DATA EXTRACT:
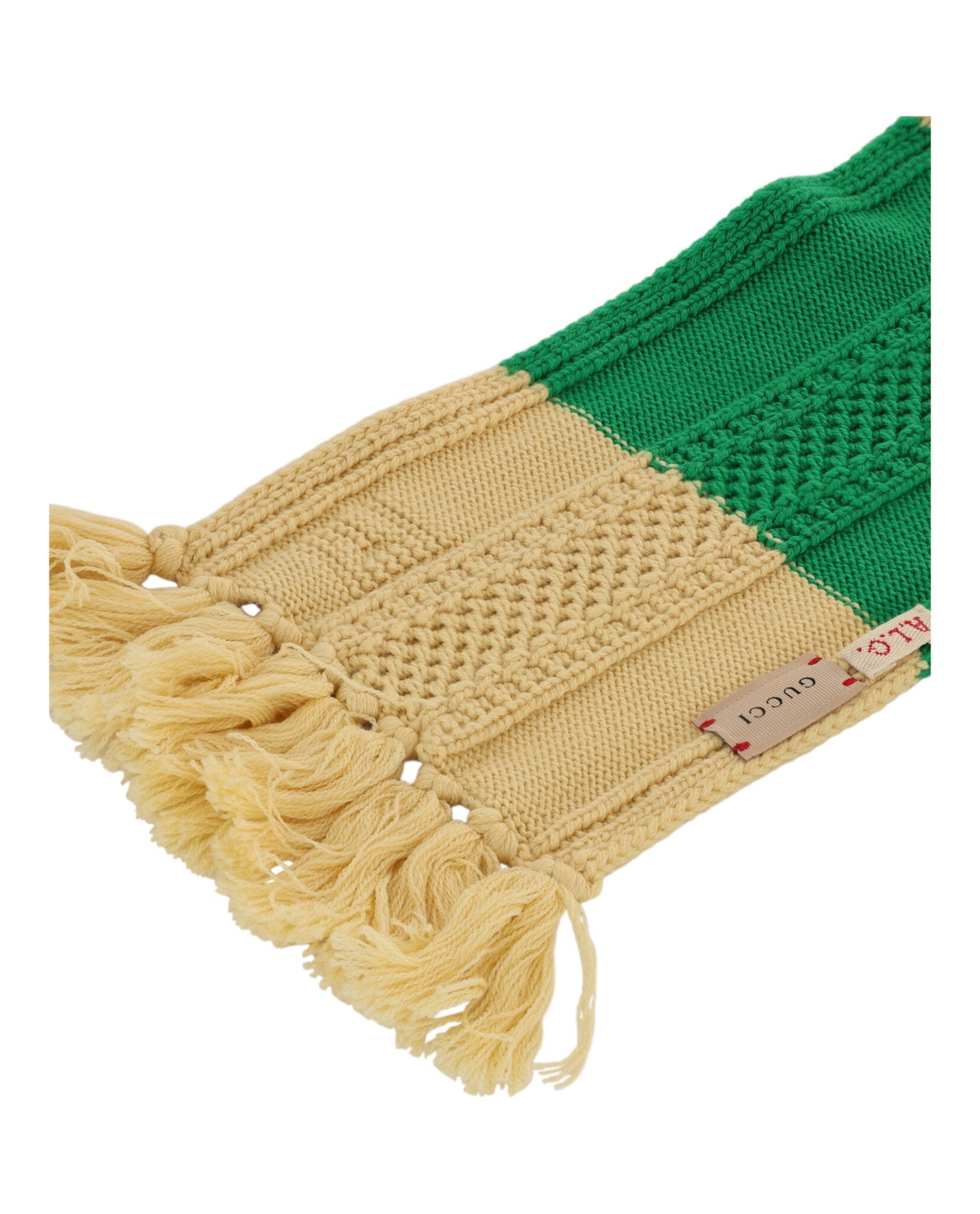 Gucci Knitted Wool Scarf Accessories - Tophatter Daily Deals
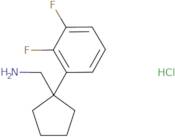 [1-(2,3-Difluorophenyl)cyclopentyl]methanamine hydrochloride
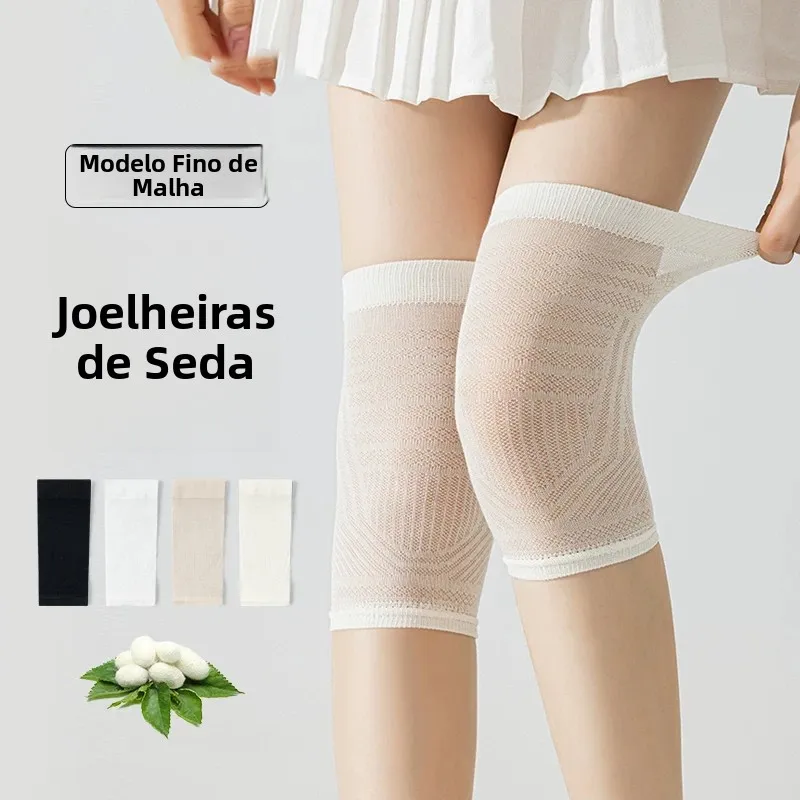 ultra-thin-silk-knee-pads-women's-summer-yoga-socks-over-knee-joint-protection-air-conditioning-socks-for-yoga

EXERCISE DESCRIPTION: Transcribe the data verbatim. No picture belongs in the result.

TASK OUTPUT:
 Gucci Knitted Wool Scarf Accessories - Tophatter Daily Deals
 [1-(2,3-Difluorophenyl)cyclopentyl]methanamine hydrochloride
 ultra-thin-silk-knee-pads-women's-summer-yoga-socks-over-knee-joint-protection-air-conditioning-socks-for-yoga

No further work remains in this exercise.